Since we explicitly represented in the model the interaction terms between time and the different factors, we can inspect how they contribute to the estimation. In fact, sorting the 24 coefficients representing the interactions allows us to characterize the temporal shape of each factor. An important aspect of the resulting coefficients is that, since we fit the model including all features, they describe the contribution to the prediction by controlling for all the other factors.

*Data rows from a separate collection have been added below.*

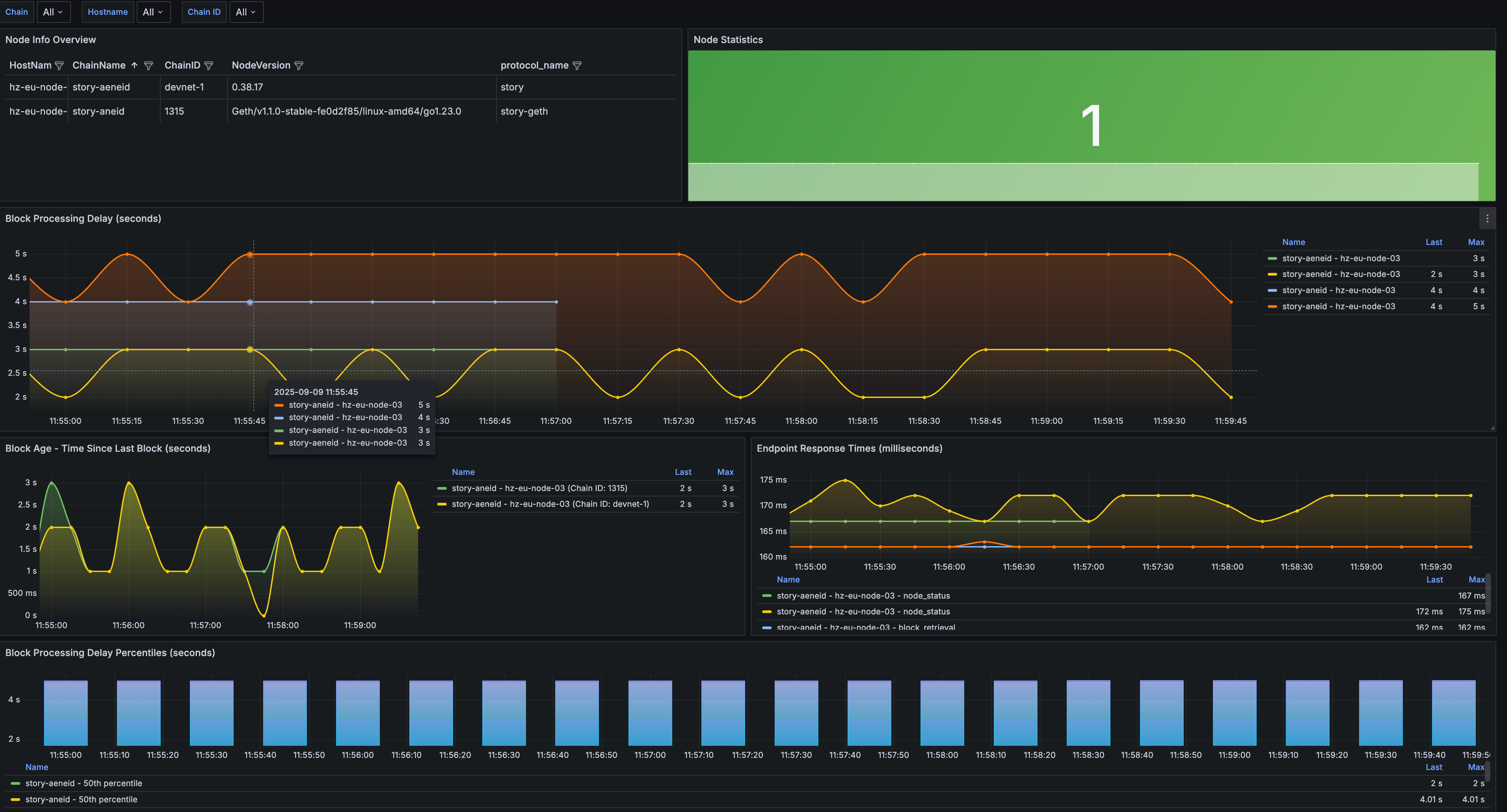 Story Monitor Dashboard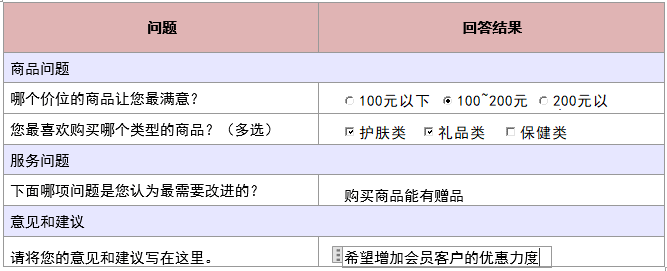 调查问卷怎么制作word（word文档做调查问卷的方法）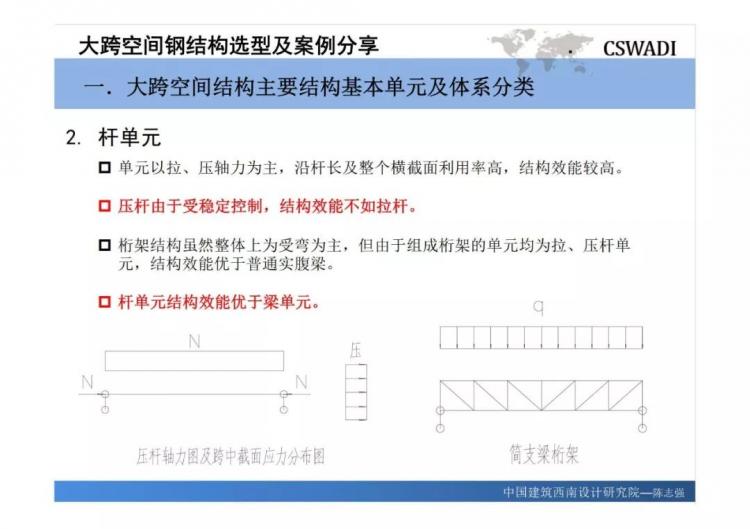 大跨空間鋼結構選型及案例分享-第6張圖片-南京九建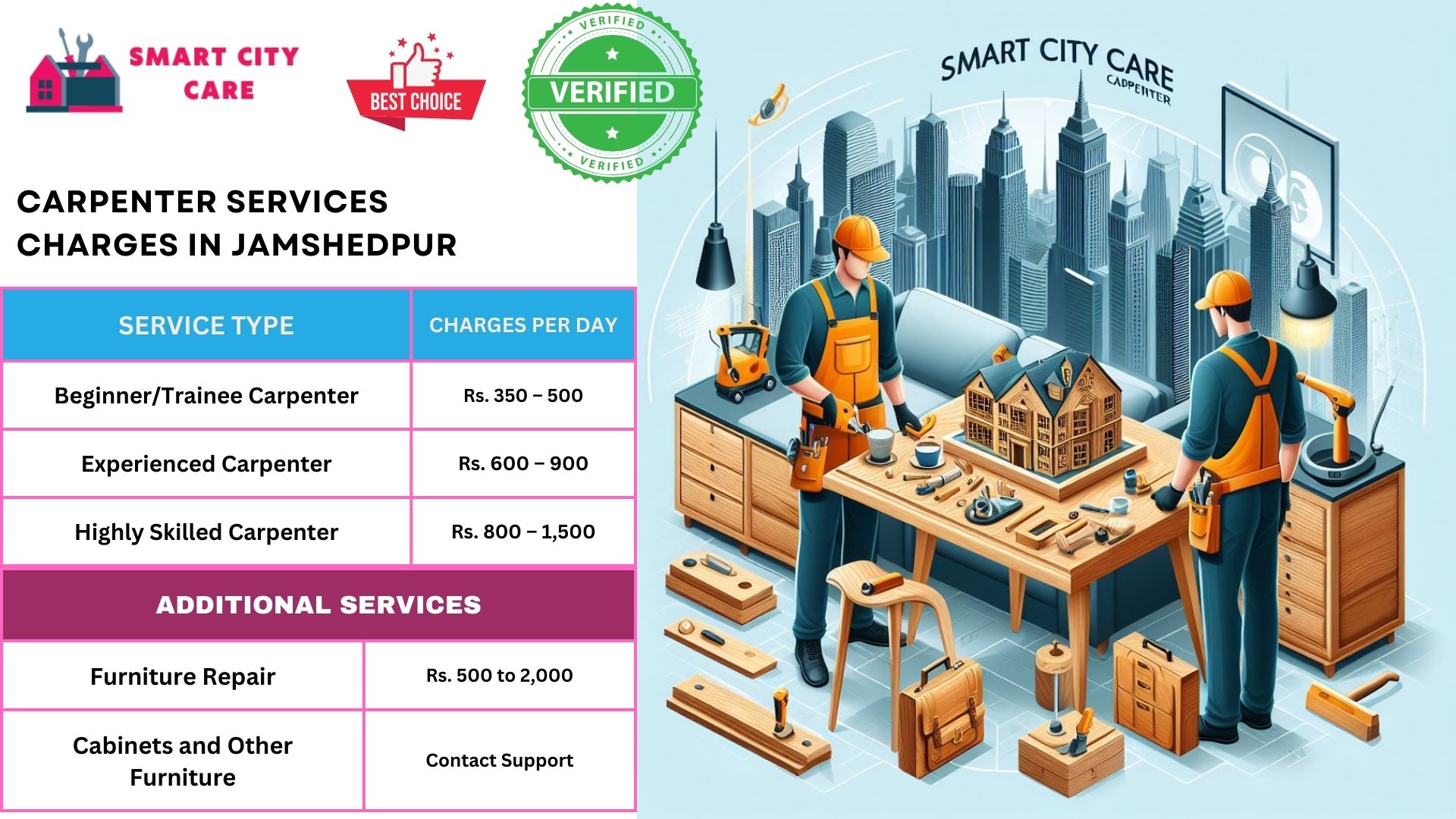 Carpenter Services charges in Jamshedpur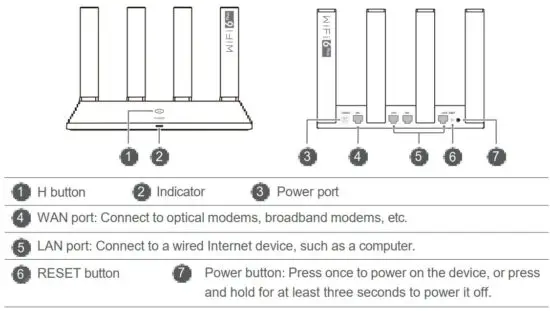 FIG 1 Getting Started.JPG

The figure shows the temporal shapes of the topics organized in the five top-level groups. The plot highlights how articles about STEM topics, such as Chemistry, Physics, and Mathematics, tend to receive more attention than average during the daytime and a visible reduction outside the typical working hours. On the other hand, articles about Films, Television and Biographies have an inverted shape, with less consumption than average during the day and a substantial increase during the evening. Interestingly, the shapes of the temporal patterns suggest that content about Video Games, Comics & Anime, Internet Culture, Military, and Society are consumed by night-owl readers, which drives the relative consumption to peak during the night.
Differently, the consumption of articles about Radio, Libraries & Information, and Philosophy, shows to be more imbalanced toward the early hours of the day. Some of the shapes, especially the ones associated with STEM articles, show a reduction of attention around noon, suggesting that they might be affected by the lunch break when people's attention moves to other content types. This is corroborated by the fact that attention on articles about Food registers increase during common meal times.
Next, the figure shows the interaction coefficients of the countries with time. Some countries share similar daily patterns. For example, readers from the United States, Germany, Netherlands, and Nigeria tend to consume Wikipedia more than average in the early morning. This behavior is inverted for readers from India, Ireland, Italy, and Spain, where during the same hours, consume less content than average. Meanwhile, other countries, such as Malaysia, Singapore, Brazil, Russia, and Pakistan, show higher consumption during the night. Furthermore, some countries, like the Philippines, Italy, France, and Spain, reveal shared habits, such as a reduction of information consumption around noon, possibly associated with lunchtime.
Finally, investigating the coefficient describing the access method, we observe that access from desktop devices is above the global average in the central hours of the day: between 9 AM and 5 PM.